Надо, в Революции, многое запереть на ключ: все, кроме сундуков! И, заперев, закинуть этот ключ… но и моря такого нет!
Нет, заперев, молча и мужественно вручить этот ключ — Богу.
Бог я произношу, как утопающий: вздохом. Смутное чувство: не надо Бога тревожить (знать), когда сам можешь. А «можешь» с каждым днем растет…
Есть у Мандельштама
и — дальше:
Имя Божье, как большая птица, Вылетело из моей груди…Нечаянно. — Но я никогда не дерзну назвать себя верующей, и это — молитвой.
Что я в ущерб чему в жизни не провозглашала!
Фотографию в ущерб портрету, крепостное право в ущерб вообще праву, капусту в ущерб розе, Марфу в ущерб Марии, староверов в ущерб Петру… Самое обратное себе — в ущерб самой себе!
И не из спорта (отсутствует!), не для спора (страдаю!) — из чистой справедливости: прав, раз обижен.

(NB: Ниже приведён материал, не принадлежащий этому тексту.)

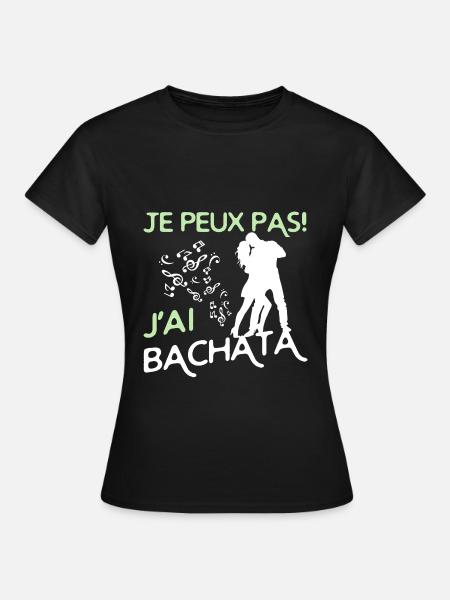 danse Bachata - T-shirt Femme - noir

И еще: из полной невозможности со-чувствия (-мыслия, — лю-бия) с лицемерами, втайне бесспорно предпочитающими: фотографию — портрету, крепостное право — просто-праву, капусту — розе, Марфу — Марии, длиннобородых — Петру!
Но есть еще тайна: вещь, обиженная, начинает быть правой. Собирает все свои силы — и выпрямляется, все свои права на существование — и стоит.

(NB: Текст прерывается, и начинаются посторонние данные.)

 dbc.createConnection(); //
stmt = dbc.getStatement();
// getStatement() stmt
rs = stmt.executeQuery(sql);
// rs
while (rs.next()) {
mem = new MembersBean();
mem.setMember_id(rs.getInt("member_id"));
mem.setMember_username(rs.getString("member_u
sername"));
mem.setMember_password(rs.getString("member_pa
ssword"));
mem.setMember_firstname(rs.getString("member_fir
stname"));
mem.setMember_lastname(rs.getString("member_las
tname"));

(NВ! Действенность гонимых идей и людей!)
Нет ведь окончательной лжи, у каждой лжи ведь хотя бы один луч — в правду. И вот она вся идет по этому лучу. Обнаруженная и покаранная вина уже становится бедою, ответственность спадает на головы судей. Преступник, осужденный здесь, перед Богом чист. Но есть еще тайна, и страшнейшая, быть может: заразность караемых нами недугов, наследственность вины. Преступник, насильственно избавляемый нами от болезни, передает нам болезнь. Каждый судья и палач — наследник.
Есть еще в этом какая-то воля крови. Кровь земная проливаться должна. Преступника нет, ближайший родственник палач (или судья, равно!). Недопролитая преступником кровь вопиет к палачу: пролей! Секунда казни — секунда союза. Первая капля брызнувшей преступниковой крови — уже вступление во владение… и обязанности.

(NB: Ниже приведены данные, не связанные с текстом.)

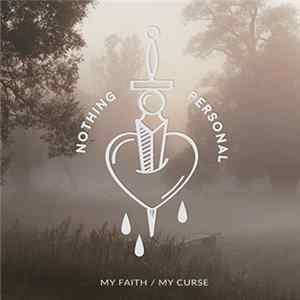 Nothing Personal - My Faith / My Curse FLAC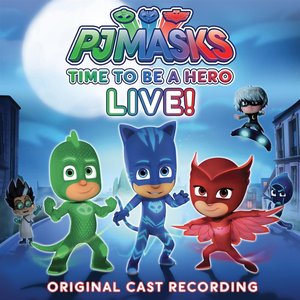 Image for 'Time to Be a Hero! (Original Cast Recording) [Live]'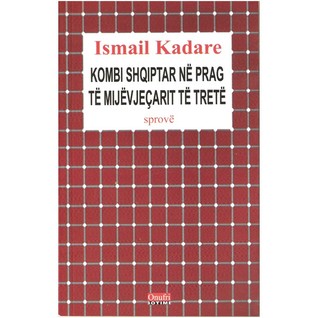 Kombi shqiptar në prag të mijëvjeçarit të tretë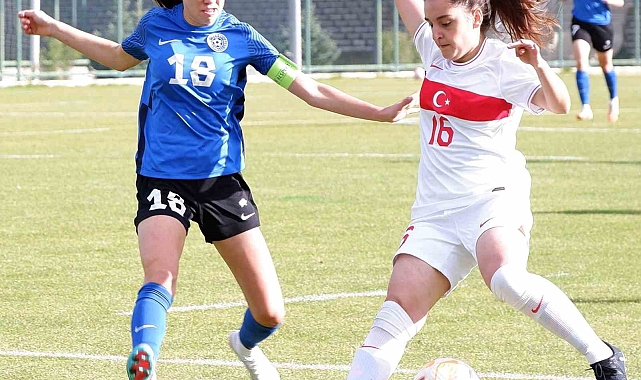 U19 Kadın Milli Futbol Takımı, Estonya'yı 3-2 yendi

Есть браки таинственнее мужа и жены.
(Таинственное соответствие: алтарь, плаха; топор, крест; народ, хор; судья, священник; палач и жертва — брачующиеся; вместо невидимого Бога — невидимый Черт. Чертова свадьба наоборот, с той же непреложностью безмолвного обета.)
Ни одна правда (из царства Там) не может не сделаться ложью в царстве Здесь. Ни одна ложь (из царства Здесь) не может не сделаться правдой в царстве Там.
Правда — перебежчица.
В комиссариате:
Я, невинно: «А трудно это — быть инструктором?» Моя товарка по комиссариату, эстонка, коммунистка: «Совсем не трудно! Встанешь на мусорный ящик — и кричишь, кричишь, кричишь…»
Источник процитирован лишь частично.